**Required action:**
Search term "with": please show all lines in the listing that contain it.

== Segment start ==

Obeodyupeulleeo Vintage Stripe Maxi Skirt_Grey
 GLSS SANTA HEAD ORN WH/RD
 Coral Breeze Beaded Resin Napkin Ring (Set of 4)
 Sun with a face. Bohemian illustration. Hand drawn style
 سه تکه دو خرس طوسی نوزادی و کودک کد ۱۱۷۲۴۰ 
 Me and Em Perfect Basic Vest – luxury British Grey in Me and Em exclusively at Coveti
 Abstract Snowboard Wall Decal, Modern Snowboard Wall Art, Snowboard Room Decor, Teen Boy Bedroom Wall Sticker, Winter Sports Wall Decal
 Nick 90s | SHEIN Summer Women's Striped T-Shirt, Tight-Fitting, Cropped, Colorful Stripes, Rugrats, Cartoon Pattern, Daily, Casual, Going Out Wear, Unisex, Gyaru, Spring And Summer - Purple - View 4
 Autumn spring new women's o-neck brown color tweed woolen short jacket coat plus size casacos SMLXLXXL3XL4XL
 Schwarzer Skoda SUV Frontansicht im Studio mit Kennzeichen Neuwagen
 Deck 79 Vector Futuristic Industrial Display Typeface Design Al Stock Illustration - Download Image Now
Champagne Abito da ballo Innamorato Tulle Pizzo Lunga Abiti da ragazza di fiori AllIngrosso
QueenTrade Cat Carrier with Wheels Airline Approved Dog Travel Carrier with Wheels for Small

== Segment end ==

**Finished task:**
 Sun with a face. Bohemian illustration. Hand drawn style
QueenTrade Cat Carrier with Wheels Airline Approved Dog Travel Carrier with Wheels for Small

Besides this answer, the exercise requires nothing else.